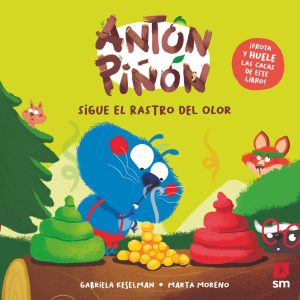 ANTON PI?ON SIGUE EL RASTRO DEL OLOR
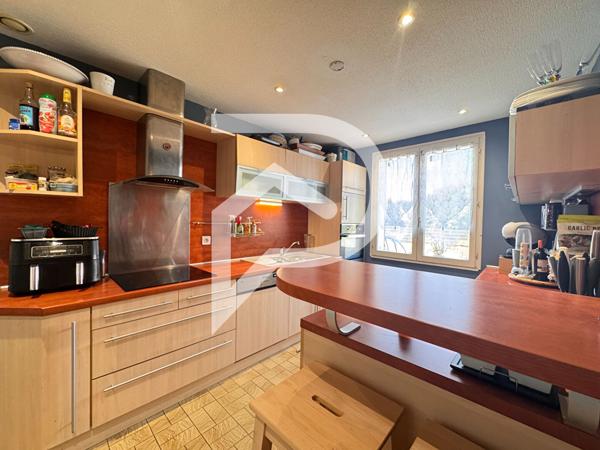 Maison 6 pièces 105 m2
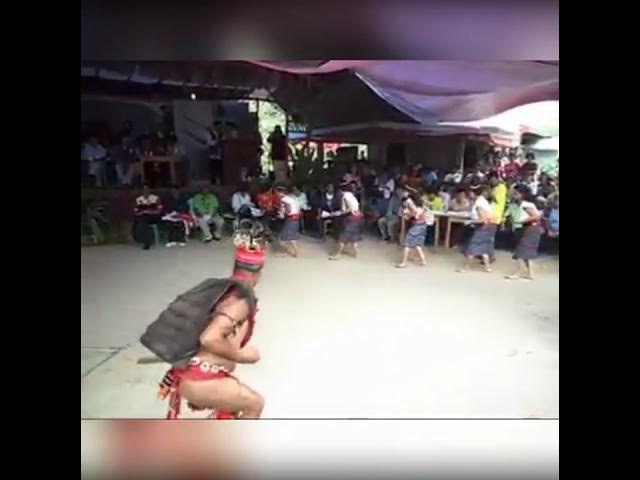 DUCLIGAN BANAUE IFUGAO/NATIVE DANCE|Brookside Channel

Work instructions>
Working from the line with "Maison 6 pièces 105 m2" to the last line of the material above, repeat each line exactly and leave out the pictures.

Exercise result>
 Maison 6 pièces 105 m2
 DUCLIGAN BANAUE IFUGAO/NATIVE DANCE|Brookside Channel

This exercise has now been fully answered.